- Exercise objective: When you copy from the entries that follow, take only the lines from the one with "I am Bhima Rajesh, tutor" down to the one with "Now you have", keeping both ends and dropping every picture.

- Data section:

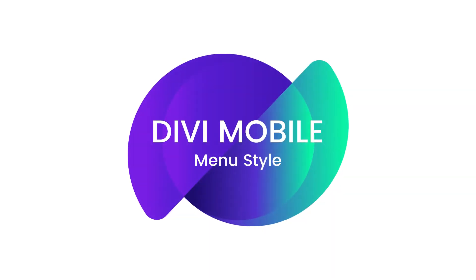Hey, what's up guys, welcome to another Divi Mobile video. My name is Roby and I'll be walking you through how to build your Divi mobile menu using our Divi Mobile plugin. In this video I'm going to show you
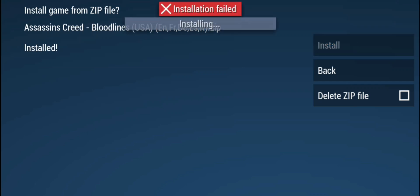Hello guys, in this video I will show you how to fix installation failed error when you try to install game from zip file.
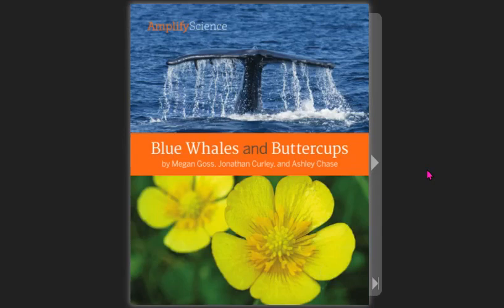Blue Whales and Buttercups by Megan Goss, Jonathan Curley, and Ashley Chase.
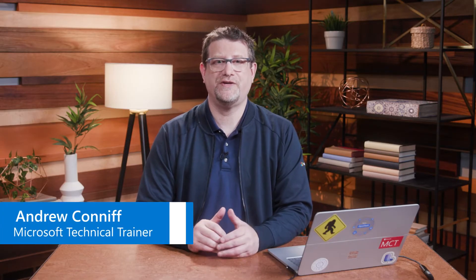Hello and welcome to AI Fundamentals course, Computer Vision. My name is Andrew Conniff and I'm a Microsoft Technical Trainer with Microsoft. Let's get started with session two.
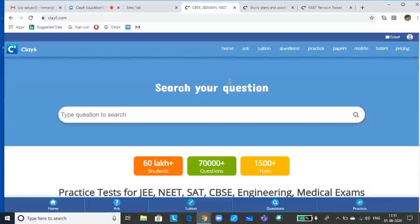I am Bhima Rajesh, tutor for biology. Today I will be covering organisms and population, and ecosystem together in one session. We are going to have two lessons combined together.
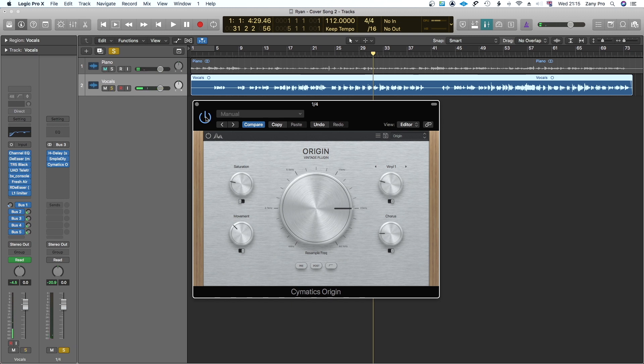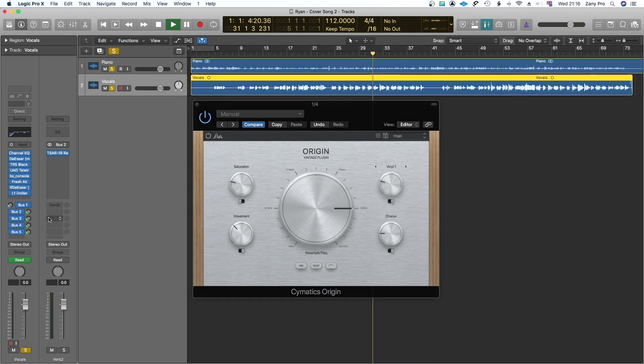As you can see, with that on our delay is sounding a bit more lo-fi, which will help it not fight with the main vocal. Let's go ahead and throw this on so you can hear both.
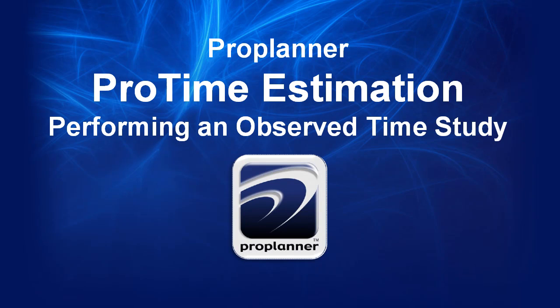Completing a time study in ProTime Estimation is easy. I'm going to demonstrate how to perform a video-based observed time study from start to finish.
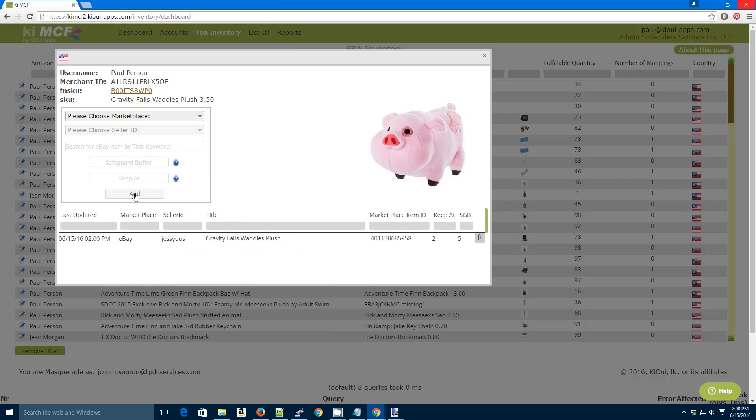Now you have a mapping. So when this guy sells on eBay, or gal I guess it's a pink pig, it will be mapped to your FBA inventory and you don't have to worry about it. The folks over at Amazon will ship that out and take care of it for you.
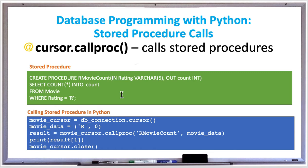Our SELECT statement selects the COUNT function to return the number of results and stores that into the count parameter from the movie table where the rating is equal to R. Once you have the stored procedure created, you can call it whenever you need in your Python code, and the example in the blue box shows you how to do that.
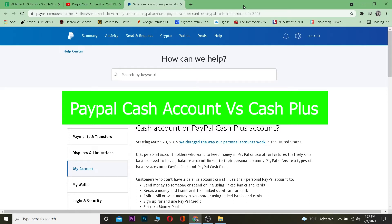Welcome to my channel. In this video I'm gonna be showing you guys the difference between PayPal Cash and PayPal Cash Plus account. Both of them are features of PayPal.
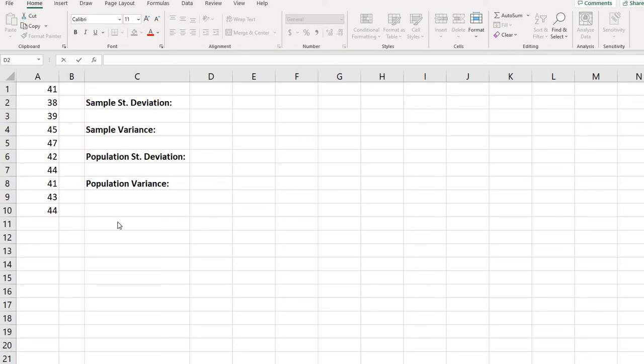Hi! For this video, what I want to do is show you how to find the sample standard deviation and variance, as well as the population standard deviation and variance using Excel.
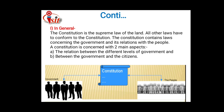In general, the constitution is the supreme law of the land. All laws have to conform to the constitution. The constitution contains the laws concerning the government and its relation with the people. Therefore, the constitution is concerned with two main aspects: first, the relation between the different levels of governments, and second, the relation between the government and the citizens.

- Exercise response:
I am Bhima Rajesh, tutor for biology. Today I will be covering organisms and population, and ecosystem together in one session. We are going to have two lessons combined together.
As you can see, with that on our delay is sounding a bit more lo-fi, which will help it not fight with the main vocal. Let's go ahead and throw this on so you can hear both.
Completing a time study in ProTime Estimation is easy. I'm going to demonstrate how to perform a video-based observed time study from start to finish.
Now you have a mapping. So when this guy sells on eBay, or gal I guess it's a pink pig, it will be mapped to your FBA inventory and you don't have to worry about it. The folks over at Amazon will ship that out and take care of it for you.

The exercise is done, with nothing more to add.